* **Required work**
Please retype the data below line for line and leave out every picture.

* **Supplied information**
*** Block opens ***

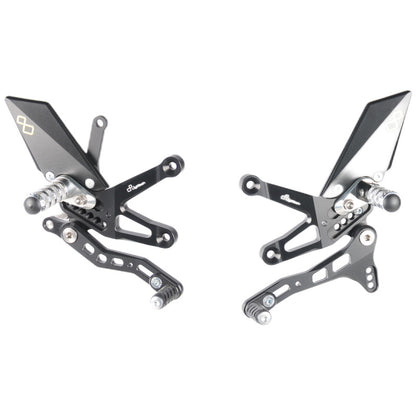 Ensemble de liaisons de frein réglable avec des repousses de bas de page fixe Kawasaki ZX-10R 2016-2020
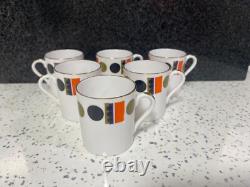 Vaisselle vintage des années 50, ensembles à café, ensembles de thé et verrerie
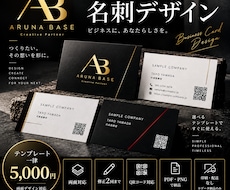 選べるテンプレートで見やすい名刺をデザインします イメージ1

*** Block closes ***

* **Written solution**
 Ensemble de liaisons de frein réglable avec des repousses de bas de page fixe Kawasaki ZX-10R 2016-2020
 Vaisselle vintage des années 50, ensembles à café, ensembles de thé et verrerie
 選べるテンプレートで見やすい名刺をデザインします イメージ1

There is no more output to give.